Om 13:25 uur arriveren we bij de pelgrims-herberg, de Albergue Parroquial Santa María de Fuenterroble.




Albergue Parroquial Santa María de Fuenterroble
Binnen worden we hartelijk ontvangen door de dienstdoende hospitalero. 
We staan in de receptie, die tevens eetzaal is.  
Robert is al binnen, want hij had het winkeltje nog niet gezien en nog geen boodschappen gehaald.
Het is een wonderlijke ruimte, heel groot, met overal in alle hoeken en aan alle wanden een wonderlijke hoeveelheid en variëteit aan spullen, zoals boeken, schilderijen, beeldjes, liturgisch materiaal, eigenlijk teveel om op te noemen.
Tussen al die spullen staan ook verschillende beelden van pelgrims en van de heilige Jacobus.
Als we ons inschrijven, vertelt de hospitalero dat hij behalve een pelgrimsherbergstempel ook een handmatig gemaakt zwaardkruis in onze pelgrimspaspoorten kan tekenen; of we dat ook wensen.

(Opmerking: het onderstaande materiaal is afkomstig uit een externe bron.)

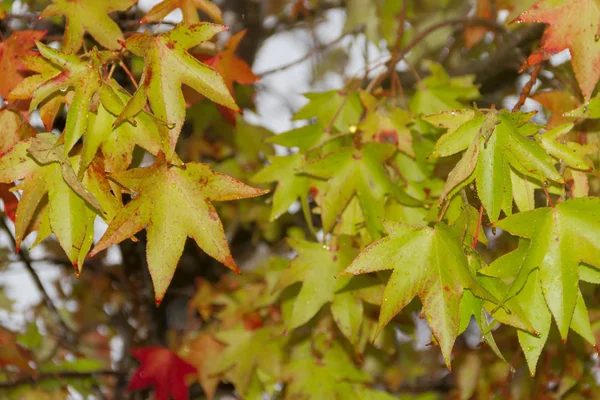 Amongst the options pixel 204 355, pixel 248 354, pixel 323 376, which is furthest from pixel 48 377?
pixel 323 376

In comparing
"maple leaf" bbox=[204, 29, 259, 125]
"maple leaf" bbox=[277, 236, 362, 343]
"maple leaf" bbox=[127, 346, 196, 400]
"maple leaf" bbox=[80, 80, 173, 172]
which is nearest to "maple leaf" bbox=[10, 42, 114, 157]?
"maple leaf" bbox=[80, 80, 173, 172]

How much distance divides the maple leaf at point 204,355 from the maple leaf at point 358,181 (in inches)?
28.4

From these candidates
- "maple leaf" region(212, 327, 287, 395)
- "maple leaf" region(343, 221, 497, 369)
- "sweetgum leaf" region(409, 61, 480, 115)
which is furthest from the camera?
"maple leaf" region(212, 327, 287, 395)

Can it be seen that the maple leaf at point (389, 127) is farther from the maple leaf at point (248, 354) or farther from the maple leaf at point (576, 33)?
the maple leaf at point (248, 354)

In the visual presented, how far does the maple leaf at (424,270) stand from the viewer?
96 centimetres

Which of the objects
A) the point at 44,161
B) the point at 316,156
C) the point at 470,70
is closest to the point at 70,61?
the point at 44,161

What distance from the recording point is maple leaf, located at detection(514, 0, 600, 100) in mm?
1090

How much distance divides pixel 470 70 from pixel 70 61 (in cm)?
126

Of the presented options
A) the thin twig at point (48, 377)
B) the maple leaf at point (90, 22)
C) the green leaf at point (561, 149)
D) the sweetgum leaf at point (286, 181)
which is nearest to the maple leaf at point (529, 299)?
the green leaf at point (561, 149)

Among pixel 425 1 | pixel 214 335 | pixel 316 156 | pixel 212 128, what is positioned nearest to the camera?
pixel 316 156

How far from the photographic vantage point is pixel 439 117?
1036mm

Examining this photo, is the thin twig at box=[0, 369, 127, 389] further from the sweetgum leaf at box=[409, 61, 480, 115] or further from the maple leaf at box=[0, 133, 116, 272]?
the sweetgum leaf at box=[409, 61, 480, 115]

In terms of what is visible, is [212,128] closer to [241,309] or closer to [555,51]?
[241,309]

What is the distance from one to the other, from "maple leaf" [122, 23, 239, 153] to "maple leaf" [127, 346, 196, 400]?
37.4 inches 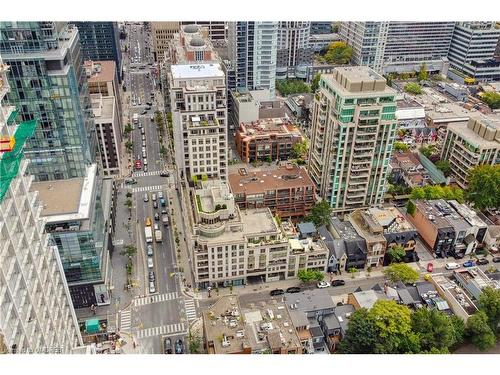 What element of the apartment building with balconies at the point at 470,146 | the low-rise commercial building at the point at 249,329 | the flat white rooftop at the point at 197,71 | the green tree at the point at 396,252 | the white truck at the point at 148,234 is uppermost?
the flat white rooftop at the point at 197,71

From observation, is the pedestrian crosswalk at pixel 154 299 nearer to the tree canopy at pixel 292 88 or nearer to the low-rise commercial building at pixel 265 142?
the low-rise commercial building at pixel 265 142

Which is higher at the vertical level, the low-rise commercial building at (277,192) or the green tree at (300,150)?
the low-rise commercial building at (277,192)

Dat is prima, dus we laten onze pelgrimspaspoorten bij hem achter, dan heeft hij vanmiddag de tijd om die erin te tekenen.
Op het moment dat wij worden ingeschreven, komen ook de Italiaanse pelgrim Rosanne en de Britse pelgrim Graig binnen. 
Zij wachten even totdat wij klaar zijn, en een plek toegewezen hebben gekregen qua slaapzaal.
Om daar te komen, moeten we over een binnenplaats achter het hoofdgebouw.
De hospitalero wijst ons ook de weg naar de kapel naast de slaapzaal, waar ieder naar gelieven naar binnen kan voor stilte en gebed.
We gaan onder de koude douche, en Durkje hangt even later de was te drogen in de zon vóór de slaapzaal. 
Omdat we zo mooi aan het begin van de middag hier zijn gearriveerd, hebben we deze middag volop tijd voor foto’s en verslag.
We lunchen samen met de Britse pelgrim Graig op een paar stoelen in de schaduw vóór de herberg.
Vanavond begint na de mis – die overigens vanavond niet plaatsvindt - het gezamenlijke avondeten om 20:30 uur in de grote eetzaal van deze donativo pelgrimsherberg.
Op de ene fietspelgrim na schuiven alle pelgrims aan tafel voor de eenvoudige driegangenmaaltijd van soep & brood, gebakken ei & bacon, en een kookpuddinkje na.  
Aan het eind van de  maaltijd komt voor ons onverwacht ook padre Blas nog langs, de geestelijk vader van deze parochie en van deze parochiale pelgrims-herberg. Vader Blas spreekt ons toe, bidt en zingt met en voor ons, en gaat onder het genot van een wijntje nog kort met ons in gesprek. 
Daarna gaat iedereen naar de slaapzalen, en wordt het stil in de pelgrimsherberg.